01 July 2016 – The new vehicle industry sales continued its decline in June. Aggregated sales data from the National Association of Automobile Manufacturers of South Africa (Naamsa) shows that industry sales were down 10.6%, year-on-year, with 44 939 new vehicles sold – 5 311 fewer than the same period in 2015.
Total industry sales are down 9.9%, year-to-date. This comprises respective declines of 10.4% and 8.9% for the passenger car and Light Commercial Vehicle (LCV) segments. At the Car Of The Year banquet, in March, WesBank delivered its annual new vehicle industry sales forecast. It predicted that the industry would recede 10% during the first half of 2016.
Passenger car sales through the dealer channel, where consumers are most active, plummeted 17.8% – correlating strongly with the decline in applications for new vehicle finance. This decline is indicative of new car price inflation and pressure on consumer budgets, which has resulted in a migration to the used market. Despite this, Light Commercial Vehicle (LCV) sales through the dealer channel rose 4.8% on the back of highly anticipated new model arrivals, including the new Toyota Hilux and Ford Ranger.
The rental channel also saw a surge in demand, in June. Vehicle sales to rental companies were up 43.7%, year-on-year. That contributes to the 47.7% growth for this channel, year-to-date.
“This sales performance is in line with our forecast for the year, and it’s been informed by a number of macroeconomic factors. The Rand has struggled, interest rates have been hiked and inflation has taken its toll on household budgets,” said Simphiwe Nghona, CEO of WesBank Motor Retail. “New model introductions have been positive for the LCV segment, as these vehicles are clearly popular with consumers. However, the passenger car market is under tremendous stress due to consumer affordability.”

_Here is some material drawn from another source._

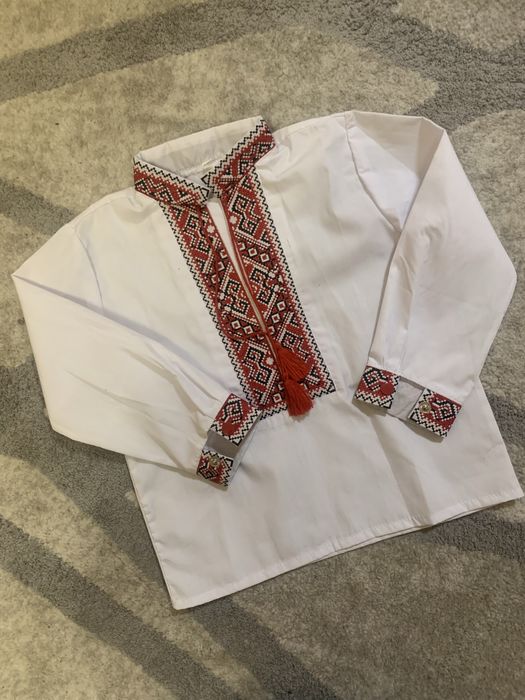 Дитяча вишиванка для хлопчика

WesBank’s internal data shows a corresponding decline in vehicle loan applications. During June application volumes for new vehicle loans fell 19.2%, year-on-year. In contrast, demand for pre-owned vehicles weakened slightly by 0.2%.
Consumers who are buying vehicles are also spending more, in line with new car price inflation as well as increasing demand in the used market. The average deal value for a new vehicle grew to R291 000 this past month – an increase of 11%, year-on-year. Average deal for used cars rose 10%, to R188 000.
“As new vehicle sales continue to decline it will start drawing more attention to affordability and factors that affect consumers’ budgets,” said Nghona. “Fuel prices increases, interest rates hikes and rising inflation will continue eating into disposable income. Those with high levels of debt may soon find themselves in financial trouble. More prudent consumers will also be affected, and may have to scale back their dreams of buying a new car.”